## Supplied entries
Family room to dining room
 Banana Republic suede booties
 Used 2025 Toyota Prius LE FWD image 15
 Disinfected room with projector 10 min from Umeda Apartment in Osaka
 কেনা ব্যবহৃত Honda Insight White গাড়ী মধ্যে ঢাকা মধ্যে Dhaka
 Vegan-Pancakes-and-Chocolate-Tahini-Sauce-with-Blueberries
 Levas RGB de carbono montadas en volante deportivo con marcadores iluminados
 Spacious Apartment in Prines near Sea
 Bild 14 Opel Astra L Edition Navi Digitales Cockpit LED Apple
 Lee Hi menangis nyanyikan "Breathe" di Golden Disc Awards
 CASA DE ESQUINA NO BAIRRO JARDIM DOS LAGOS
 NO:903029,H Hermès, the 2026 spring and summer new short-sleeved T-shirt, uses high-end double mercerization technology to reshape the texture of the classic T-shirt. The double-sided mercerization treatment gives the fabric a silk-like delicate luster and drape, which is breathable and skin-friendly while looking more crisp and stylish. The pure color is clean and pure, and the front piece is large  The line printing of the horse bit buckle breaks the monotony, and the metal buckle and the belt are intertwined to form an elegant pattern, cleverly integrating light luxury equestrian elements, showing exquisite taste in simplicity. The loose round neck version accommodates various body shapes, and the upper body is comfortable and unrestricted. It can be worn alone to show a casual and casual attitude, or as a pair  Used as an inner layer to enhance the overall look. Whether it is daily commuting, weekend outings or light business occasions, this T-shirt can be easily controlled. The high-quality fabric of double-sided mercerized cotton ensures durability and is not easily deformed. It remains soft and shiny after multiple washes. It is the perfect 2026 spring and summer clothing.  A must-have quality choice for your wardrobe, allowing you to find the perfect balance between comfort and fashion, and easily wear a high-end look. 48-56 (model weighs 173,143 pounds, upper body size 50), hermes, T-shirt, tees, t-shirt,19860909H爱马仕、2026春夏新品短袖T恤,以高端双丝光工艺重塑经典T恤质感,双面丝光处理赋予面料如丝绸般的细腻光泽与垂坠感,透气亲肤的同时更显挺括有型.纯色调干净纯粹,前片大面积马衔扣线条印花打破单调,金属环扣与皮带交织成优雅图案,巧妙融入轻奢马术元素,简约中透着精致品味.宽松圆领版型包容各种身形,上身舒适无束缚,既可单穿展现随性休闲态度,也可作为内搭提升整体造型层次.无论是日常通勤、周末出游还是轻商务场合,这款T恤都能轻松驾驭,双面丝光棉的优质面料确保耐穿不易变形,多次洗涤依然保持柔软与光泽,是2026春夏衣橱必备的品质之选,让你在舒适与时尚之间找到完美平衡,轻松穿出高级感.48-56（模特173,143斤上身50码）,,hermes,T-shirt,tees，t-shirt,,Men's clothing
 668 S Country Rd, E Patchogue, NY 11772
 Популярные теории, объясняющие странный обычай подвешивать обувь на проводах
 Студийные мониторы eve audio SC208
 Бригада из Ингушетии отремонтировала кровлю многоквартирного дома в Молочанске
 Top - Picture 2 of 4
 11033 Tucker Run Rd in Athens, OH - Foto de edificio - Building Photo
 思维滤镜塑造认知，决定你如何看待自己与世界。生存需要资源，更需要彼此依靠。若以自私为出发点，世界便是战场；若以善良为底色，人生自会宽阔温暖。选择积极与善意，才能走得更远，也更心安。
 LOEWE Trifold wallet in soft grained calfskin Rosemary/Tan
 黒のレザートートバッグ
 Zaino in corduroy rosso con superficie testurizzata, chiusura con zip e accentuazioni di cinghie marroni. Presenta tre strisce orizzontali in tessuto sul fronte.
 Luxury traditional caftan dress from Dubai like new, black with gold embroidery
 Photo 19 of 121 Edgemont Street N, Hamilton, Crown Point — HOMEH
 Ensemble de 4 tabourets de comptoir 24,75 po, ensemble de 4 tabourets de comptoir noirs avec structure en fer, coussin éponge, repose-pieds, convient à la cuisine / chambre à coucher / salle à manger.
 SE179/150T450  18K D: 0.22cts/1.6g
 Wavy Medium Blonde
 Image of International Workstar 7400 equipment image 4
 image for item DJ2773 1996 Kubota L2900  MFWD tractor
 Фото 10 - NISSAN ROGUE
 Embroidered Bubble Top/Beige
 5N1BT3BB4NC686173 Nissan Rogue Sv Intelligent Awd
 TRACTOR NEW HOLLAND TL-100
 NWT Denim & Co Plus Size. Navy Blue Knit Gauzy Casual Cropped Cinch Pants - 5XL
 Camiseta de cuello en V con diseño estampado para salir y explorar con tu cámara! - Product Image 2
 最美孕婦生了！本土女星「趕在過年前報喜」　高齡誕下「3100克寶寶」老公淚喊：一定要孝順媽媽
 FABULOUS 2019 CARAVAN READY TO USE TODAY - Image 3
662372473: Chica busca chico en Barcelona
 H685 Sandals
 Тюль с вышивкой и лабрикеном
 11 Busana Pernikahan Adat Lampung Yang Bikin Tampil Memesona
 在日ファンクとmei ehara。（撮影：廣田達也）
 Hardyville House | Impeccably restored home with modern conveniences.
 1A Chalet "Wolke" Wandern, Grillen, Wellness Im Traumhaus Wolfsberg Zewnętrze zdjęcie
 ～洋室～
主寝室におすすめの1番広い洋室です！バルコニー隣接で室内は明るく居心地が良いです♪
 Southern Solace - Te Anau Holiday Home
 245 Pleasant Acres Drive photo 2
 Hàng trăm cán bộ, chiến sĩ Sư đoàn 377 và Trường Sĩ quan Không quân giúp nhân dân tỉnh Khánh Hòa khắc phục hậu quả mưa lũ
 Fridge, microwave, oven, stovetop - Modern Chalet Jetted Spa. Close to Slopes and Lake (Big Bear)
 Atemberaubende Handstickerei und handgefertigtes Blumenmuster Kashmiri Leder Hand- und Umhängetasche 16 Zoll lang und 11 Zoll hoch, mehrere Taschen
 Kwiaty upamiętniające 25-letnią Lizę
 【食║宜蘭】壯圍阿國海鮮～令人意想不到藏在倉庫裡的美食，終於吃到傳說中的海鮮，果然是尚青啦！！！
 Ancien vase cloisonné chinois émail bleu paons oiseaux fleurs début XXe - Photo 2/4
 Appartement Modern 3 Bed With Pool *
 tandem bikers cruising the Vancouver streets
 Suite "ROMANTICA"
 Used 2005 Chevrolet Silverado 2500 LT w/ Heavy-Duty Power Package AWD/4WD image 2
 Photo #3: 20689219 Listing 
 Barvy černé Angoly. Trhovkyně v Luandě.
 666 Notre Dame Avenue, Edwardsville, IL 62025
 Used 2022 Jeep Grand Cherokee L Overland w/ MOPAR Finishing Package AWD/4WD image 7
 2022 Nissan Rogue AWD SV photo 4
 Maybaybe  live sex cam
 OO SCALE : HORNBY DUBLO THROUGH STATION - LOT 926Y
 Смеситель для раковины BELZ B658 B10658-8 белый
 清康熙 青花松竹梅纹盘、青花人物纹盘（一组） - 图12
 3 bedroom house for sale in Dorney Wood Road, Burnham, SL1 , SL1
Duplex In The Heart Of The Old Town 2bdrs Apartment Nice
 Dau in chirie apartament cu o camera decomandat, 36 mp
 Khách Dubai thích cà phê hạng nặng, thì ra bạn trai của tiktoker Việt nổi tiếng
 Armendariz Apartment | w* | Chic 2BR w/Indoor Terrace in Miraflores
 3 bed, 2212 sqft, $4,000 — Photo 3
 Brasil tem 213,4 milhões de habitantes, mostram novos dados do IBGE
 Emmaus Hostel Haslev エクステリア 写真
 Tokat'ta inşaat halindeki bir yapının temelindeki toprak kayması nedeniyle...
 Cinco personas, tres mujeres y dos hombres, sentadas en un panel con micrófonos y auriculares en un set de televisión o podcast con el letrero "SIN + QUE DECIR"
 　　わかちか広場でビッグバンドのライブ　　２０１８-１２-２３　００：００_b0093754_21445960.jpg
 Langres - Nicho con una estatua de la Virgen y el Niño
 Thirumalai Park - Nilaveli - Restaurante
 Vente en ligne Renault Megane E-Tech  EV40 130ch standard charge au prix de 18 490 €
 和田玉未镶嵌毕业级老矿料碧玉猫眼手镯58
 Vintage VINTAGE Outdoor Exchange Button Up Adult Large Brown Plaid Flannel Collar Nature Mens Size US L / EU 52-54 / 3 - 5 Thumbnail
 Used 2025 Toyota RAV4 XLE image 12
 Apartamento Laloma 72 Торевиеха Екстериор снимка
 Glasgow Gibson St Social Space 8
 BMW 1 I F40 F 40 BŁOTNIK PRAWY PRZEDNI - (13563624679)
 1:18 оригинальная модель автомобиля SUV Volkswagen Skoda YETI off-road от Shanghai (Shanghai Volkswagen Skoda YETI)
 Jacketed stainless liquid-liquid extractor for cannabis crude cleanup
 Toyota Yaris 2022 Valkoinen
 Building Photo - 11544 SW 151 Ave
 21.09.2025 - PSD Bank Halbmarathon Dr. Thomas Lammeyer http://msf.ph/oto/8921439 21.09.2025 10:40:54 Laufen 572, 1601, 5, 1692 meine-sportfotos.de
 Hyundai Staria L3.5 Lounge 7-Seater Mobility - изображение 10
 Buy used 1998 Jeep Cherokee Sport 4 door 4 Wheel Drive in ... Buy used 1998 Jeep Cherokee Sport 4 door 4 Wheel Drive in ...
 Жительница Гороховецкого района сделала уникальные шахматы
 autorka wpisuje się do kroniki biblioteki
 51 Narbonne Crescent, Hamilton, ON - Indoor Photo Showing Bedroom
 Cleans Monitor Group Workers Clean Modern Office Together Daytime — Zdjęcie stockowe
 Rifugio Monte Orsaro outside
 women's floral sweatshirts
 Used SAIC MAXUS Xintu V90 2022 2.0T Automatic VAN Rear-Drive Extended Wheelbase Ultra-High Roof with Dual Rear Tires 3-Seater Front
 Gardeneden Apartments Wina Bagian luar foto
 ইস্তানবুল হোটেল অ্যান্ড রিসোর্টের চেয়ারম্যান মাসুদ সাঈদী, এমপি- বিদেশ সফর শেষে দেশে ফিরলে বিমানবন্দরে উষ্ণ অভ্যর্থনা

## About this task
Starting at the first line of the data above, please restate word for word every line up to and including the one that holds "CASA DE ESQUINA NO BAIRRO JARDIM DOS LAGOS", and add nothing else.

## Result below
Family room to dining room
 Banana Republic suede booties
 Used 2025 Toyota Prius LE FWD image 15
 Disinfected room with projector 10 min from Umeda Apartment in Osaka
 কেনা ব্যবহৃত Honda Insight White গাড়ী মধ্যে ঢাকা মধ্যে Dhaka
 Vegan-Pancakes-and-Chocolate-Tahini-Sauce-with-Blueberries
 Levas RGB de carbono montadas en volante deportivo con marcadores iluminados
 Spacious Apartment in Prines near Sea
 Bild 14 Opel Astra L Edition Navi Digitales Cockpit LED Apple
 Lee Hi menangis nyanyikan "Breathe" di Golden Disc Awards
 CASA DE ESQUINA NO BAIRRO JARDIM DOS LAGOS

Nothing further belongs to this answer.